There were definitely struggles, especially when I was a week or two away from a haircut. But really, I liked a lot of the styles as it grew. I put this collage together for a new friend who is starting to grow out her hair after chemo and had asked about products. I realized that since we’ve only known each other around 6 months, she never saw my short hair. And as I put it together, it struck me how much I really loved the 6-9 months stage (pictures 3 and 4).

So I’ve been thinking about that hair for a while now. I even had a dream that I showed up and demanded that Dragan cut it all off! And while I fantasize about that a lot lately, I can’t seem to take the plunge. It’s taken so long to get to this point!

Curled in November 2016, straight today
Curled in November 2016, straight today

I was having a hard time figuring out exactly why I can’t cut it. I really did love the way it looked short, and I loved the powerful feeling short hair gave me. But it took so long (four years!) to get to this point, and there were lots of maintenance haircuts and more than a few rough patches. And while it was quicker to get out the door, no ponytail could change my look or save a bad hair day.

But I realized something funny last week. I was in Illinois, seeing friends and family I hadn’t seen in years. In situations like that, people want to ask if you’re still healthy, but they have a hard time knowing how to do it. I choose to just make it easy and at the first suggestion,  I will say something about feeling great and having good reports at my latest checkup. Now, to emphasize how long it’s been, I have caught myself mentioning that my hair is long again and I’m feeling great. And so this weekend I realized it. My long hair is a milestone. The further the end of each strand of hair is from my scalp, the further I am from cancer. Now when I tell people that I had cancer, they can quickly know that it was a while ago, because otherwise, I wouldn’t have such long hair, right?

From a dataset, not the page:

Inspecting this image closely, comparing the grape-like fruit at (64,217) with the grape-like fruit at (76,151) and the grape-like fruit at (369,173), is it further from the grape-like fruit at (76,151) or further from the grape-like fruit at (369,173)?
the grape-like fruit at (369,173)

My hair desperately needs to be cut. As a matter of fact, I think my last haircut was just before that curly shot in November. The ends are starting to split and it’s just getting that unhealthy look to it. I had been putting it off, and about the same time I realized why I’m holding onto the long, high maintenance hair (which I do love, too, by the way), I realized why I haven’t scheduled that appointment. I can’t decide whether to ask for a trim or to go back in time three and half years.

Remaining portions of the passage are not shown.